Hazel

61 2 0
                                    

During the third attack, I almost eat a boulder. I'm peering into the fog, wondering how it can be so difficult to fly across a mountain range, when the ship's alarm bell sounds. 

"Hard to port!" Nico yells from the foremast of the flying ship.

Back at the helm, Leo yanks the wheel, and Calli pulls a lever. the Argo II veers left, its aerial oars slashing through the clouds like rows of knives. 

I make the mistake of looking over the rail. A dark spherical shape hurtles toward me. I think: Why is the moon coming at us? Then I yelp and hit the deck. The huge rock passes so close overhead it blows the hair out of my face. 

CRACK!

The foremast collapses. The sail, spars, and Nico all crash to the deck. The boulder, roughly the size of a pickup truck, tumbles off into the fog like it has important business elsewhere. 

"Nico!" I scramble over to him as Leo and Calli bring the ship level. 

"I'm fine." Nico mutters, kicking folds of canvas off of his legs. 
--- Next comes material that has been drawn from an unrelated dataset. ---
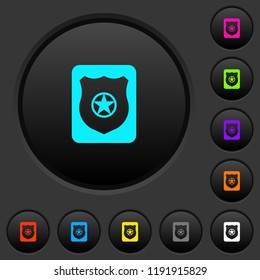 Police badge dark push buttons with vivid color icons on dark grey background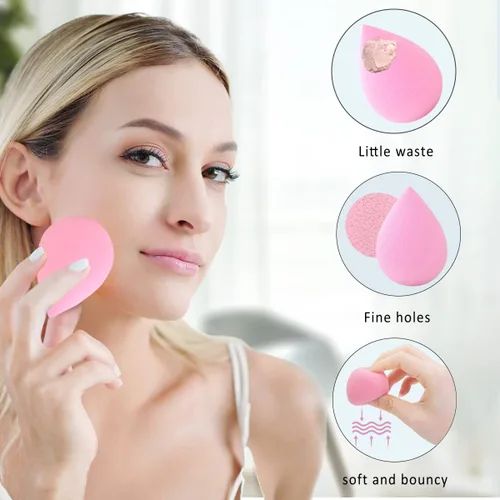 Miniatura 5 de Juego de 6 esponjas de maquillaje – Esponja suave de belleza para base, crema y polvo (rosa claro)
I help him up and we stumble to the bow. I peek over more carefully this time. The clouds part just long enough to reveal the top of the mountain below us: a spearhead of black rock jutting from the mossy green slopes. Standing at the summit is a mountain god, one of the numina montanum, Jason calls them. Or ourae, in Greek. Whatever we call them, they're nasty.

Like the others we've faced, this one wears a simple white tunic over skin as rough and dark as basalt, He's about twenty feet tall and extremely muscular, with a flowing white beard, scraggly hair, and a wild look in his eyes, like a crazy hermit, or like the look Calli has been getting ever since our friends fell into Tartarus. He bellows something I don't understand, but it obviously isn't very welcoming. With his bare hands, he pries another chunk of rock from his mountain and begins shaping it into a ball. 

The scene disappears in the fog, but when the mountain god bellows again, other numina answer in the distance, their voices echoing through the valleys. 

"Stupid rock gods!" Calli yells from the helm. 

"That's the third time I've had to replace the mast!" Leo agrees. "You'd think they grow on trees!"

Nico frowns. "Masts are from trees."

"That's not the point!" Leo scowls. 

Calli snatches up one of the controls, rigged from a Nintendo Wii stick, and spins it in a circle, that familiar crazy look flashing across her face. A few feet away, a trapdoor opens in the deck. A Celestial bronze cannon rises. I just have time to cover my ears before it discharges into the sky, spraying a dozen metal spheres that trail green fire. The spheres grow spikes in midair, like helicopter blades, and hurtle away into the fog. 

A moment later, a series of explosions crackles across the mountains, followed by the outraged roars of mountain gods. 

"Ha!" Calli yells. She and Leo high-five each other. 

Unfortunately, I guess, judging from out last two encounters, Leo and Calli's newest weapons have only annoyed the numina

Another boulder whistles through the air off to our starboard side. 

Nico yells, "Get us out of here!"

Leo and Calli mutter some unflattering comments about numina, but Leo turns the wheel. The engines hum. Magical rigging lashes itself tight, and the ship tacks to port. The Argo II picks up speed, retreating northwest, as we've been doing for the past two days.